Is automation or, conceivably artificial intelligence, gradually taking manual flight control away from airline pilots?
This is a tough question few aviation experts are willing to face head-on. Yet, given the spate of mishaps involving highly automated airliners and resulting in in-flight incidents and, much less frequently, in aviation accidents with significant loss of life, hardly anyone involved with designing the hardware and software behind the automation of modern airliners can escape the question.
At present, there are no clear-cut answers. Some aviation safety investigation experts are still suggesting that on-board fly-by-wire hardware and software be improved in order for airline pilots to actually remain in charge of the airplane at any flight stage and be able to respond to unexpected in-flight challenges as they would with a conventional aircraft.
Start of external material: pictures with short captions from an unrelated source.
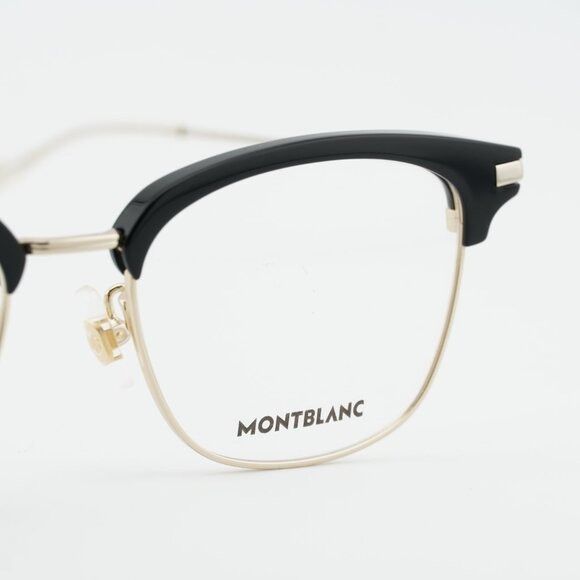 Montblanc Montblanc MB0141OK 002 Eyeglasses Gold/Black 53mm Square Size ONE SIZE - 2 Thumbnail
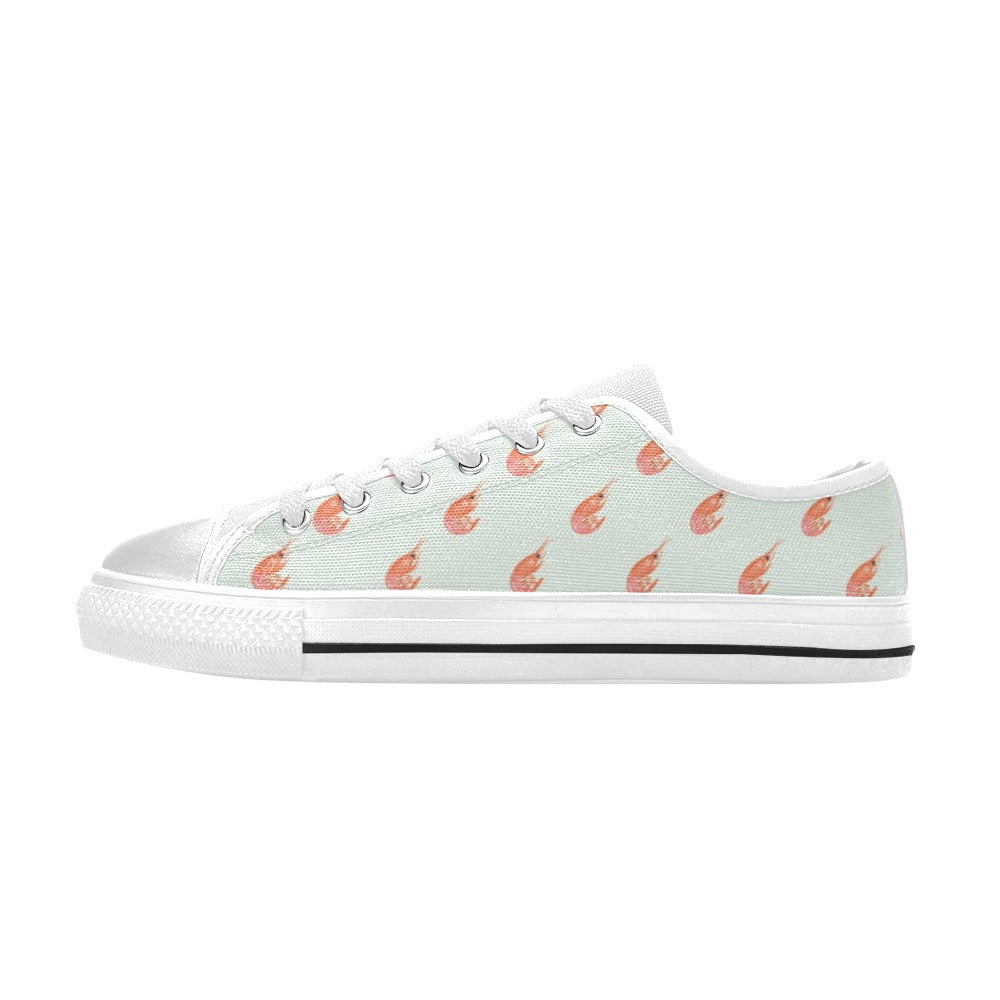 Shrimp Print Design LKS304 Women's White Low Top Shoes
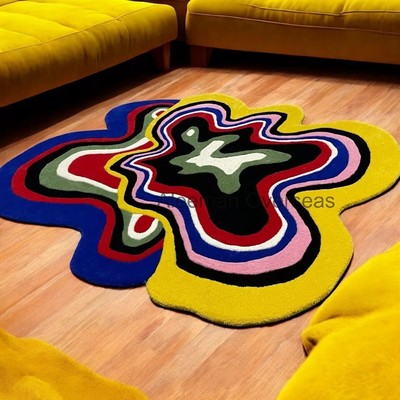 AO Irregular Luxury Handmade Tufted Nz Wool Area Rug for Living Room Bedroom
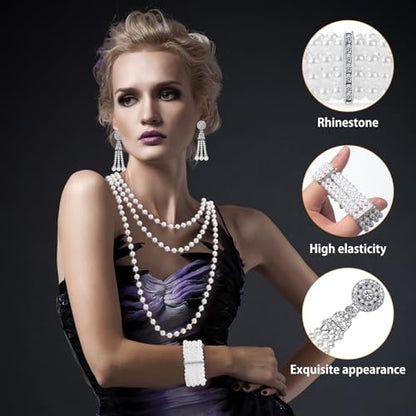 1920s Pearl Jewelry Set - Long Pearl Necklace, Earring Set, Multilayer Bracelet - Flapper Accessories for Women - color: Noble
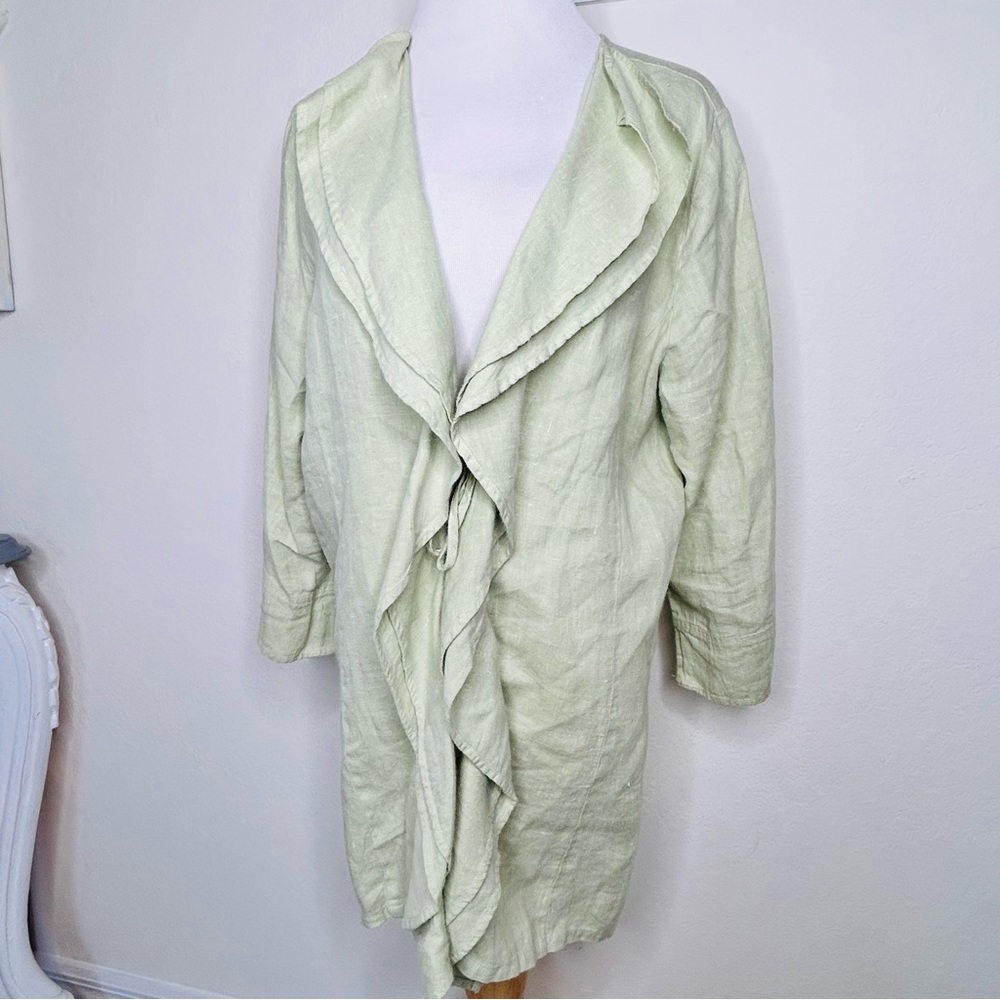 Willow Linen Pistachio Green Top Size Large - Picture 9 of 13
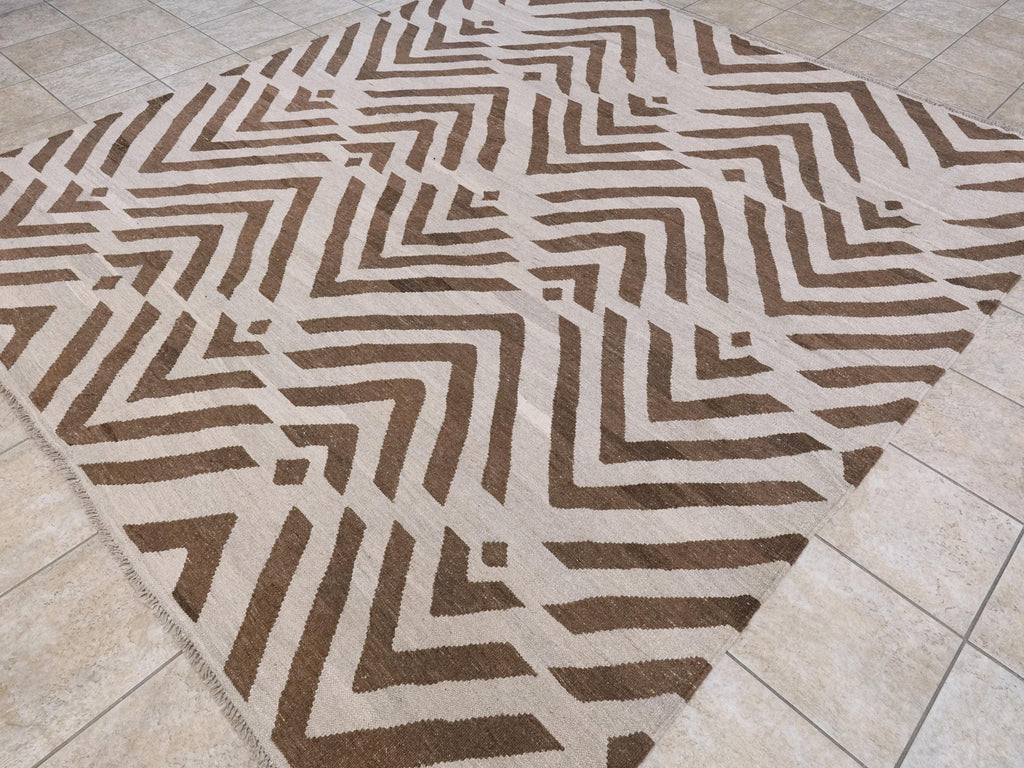 9x10 Ft Brown & Beige Kilim Rug - Flat Weave Area Rug - Abstract Design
Yet, nobody is tackling the basic underlying question: Why are competent airline pilots sometimes unable to deal, in tight circumstances, with both the benefits and limitations of highly automated fly-by-wire controlled airliners?
Why, for instance, should high-tech airliner operating manuals state that pilots are not to interfere with the auto-land mode (q.v. by flying the aircraft manually) once auto-land is selected? Is the underlying message that, once committed to auto-land, pilots must stick with it no matter what – for instance, during a Category III landing – except for a pilot ordered go-around?
This leads to another question: could it be that the more technologically advanced airliners are, the more pilots are inclined to remain hands-off during cruise-climb, cruise, descent, approach or landing stages of flight, despite pilot statements to the contrary?
Well, there is the crux of the case.
At present, airlines and public air transport authorities need to make a clear distinction between electronically assisted flight control and full flight management and control automation. Moreover, the initial and proficiency training of airline pilots needs further fine tuning in either case.
The tragic but sadly avoidable crash of AF447 on June 1, 2009, is but one major and recent accident involving advanced aircraft automation, awaiting technical recommendations from civil aviation authorities, that may provide some reassurance and solace to relatives and friends of victims of the crash that the industry can learn from its mistakes.
Modern airline flight operations appear to industry observers, including this humble blogger, who are unfamiliar with the latest on-board automation features, as a radical change in flying philosophy. Pilots of technologically advanced airliners no longer have direct three-axis and engine power inputs on such aircraft. Instead, they have to deal with a third party in the cockpit: the on-board flight management and control system run by one or more computers. This is a major mind-shift that pilots of so-called conventional aircraft and the airline industry at large have to contend with and catch up to, by relying more than ever on continuing and close support from aircraft manufacturers. And so do civil aviation regulatory authorities.
There isn’t much room at all for aviation safety stakeholders to play any sort of cat and mouse game with each other, while air transport flight automation is making quantum leaps. The investigation into Air France flight AF447 disaster that occurred on June 1, 2009, is a case in point.